The thing that ticked me off was, that was it! He walked away!
To top it off, the gun I had questions about WAS on the shelf, it's just that the combo wasn't, I just wanted to know if they could get it. Oh well, I'll take my $800.00 elsewhere.

This is my point, we have other options now a days. I don't care who you are, you're not the only game in town. You build your business two ways, A) Have the lowest price, or B) Offer something better i.e. customer service.
I got neither there the two times I was there.

You say they advertised.....yeah right! I live 4 miles from the store, the only time I EVER got an ad from the place was just before Christmas last year, it came in the Sunday paper. I never got anything in the mail (Cabela's sends one out about every other month), and I only got emails sent once I subscribed and while they were open I bet I got 3 emails.
Radio ads......nope, don't listen to hillbilly music, I cry enough when I put my own dogs down, I don't want to hear about someone else doing it.

The store didn't even have a board on I-94, Southfield Expressway, or either of the entrances at Outer Dr. or Oakwood, but I think Panera Bread does......

I hate to see ANY outdoor shop go away, and I'll be the first to tell you I don't HAVE to shop at either Cabela's or Bass Pro and would much rather see and touch things in person before buying them. I just don't think the place had a chance from the start.


----------



## William H Bonney (Jan 14, 2003)

257bob said:


> You will find that all complaints about management are coming from one forum member and are not representative of the other 99% of the employees. As far as who's fault. If you want to put blame on the emplyees and management ok, let me apologize for bending over backwards to attempt to make everyone happy. We were unaware that superior customer service and a huge selection would put us under.


Well,, now you know,, don't make the same mistake again. Huge selection and superior customer service doesn't do squat if there's no customers in your store.


----------



## 257bob (Jul 28, 2008)

I will now bow out of this thread. I wish we could have made it. I wish that EVERYONE who came in the store would have gotten superior service. I read the many posts on here in the previous weeks, and really take it personal when anyone says they know how it sholud have been. Was the location perfect? No. Did we advertise enough? Maybe not here, but we did what has worked in the past in over 60 locations. Again thank you to those of you who came into the store and made my job fun. As a store I can assure we all enjoyed our jobs and truely tried to help everyone in the same we would expect service.


----------



## Slice (Aug 2, 2007)

:rant: Well if you look at the original posters join date (July, 2008) and the number of posts (3) all in this thread. You will see why there advertising did not work. A little late to join the masses then complain after you are closed.


----------



## GuT_PiLe (Aug 2, 2006)

Never heard of the store untill someone on the board mentioned it was open and servicing customers. 

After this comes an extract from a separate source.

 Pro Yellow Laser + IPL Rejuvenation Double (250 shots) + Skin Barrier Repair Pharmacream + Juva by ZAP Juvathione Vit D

Pretty lousy job of advertising seems partly to blame...but mostly its the Michigan Economy. No one state is hurting as bad as michigan is right now. In case you haven't noticed. The "Motor City" is missing the "Motor" right now. With gas prices soaring, Many people are choosing to buy online...of course!...why wouldn't we be? Now its a legitimate calculation thats needs to be made by every consumer. Every purchase made has a $15 gas expense tacked onto it for travel to and from the store, whereas online, its delivered to your door for $5, sometimes FREE. So what makes sense to me, driving to the eastside to make a $20 purchase only to pay $15 for gas?...or hoping online or running to KD or BassPro both of which are within 1 Camel Light drive from my home?

Your catering to sportsman....the reality is many of us are driving 5.0 to 8.0litre trucks right now because we're stuck in a lease from 2 or 3 years ago. So my $15 for gas travel is probably low....i drive a 4.0L

It's not us the "customers" fault. We are all battling and struggling to stay a float and save a buck when and where we can in the same economy right now. 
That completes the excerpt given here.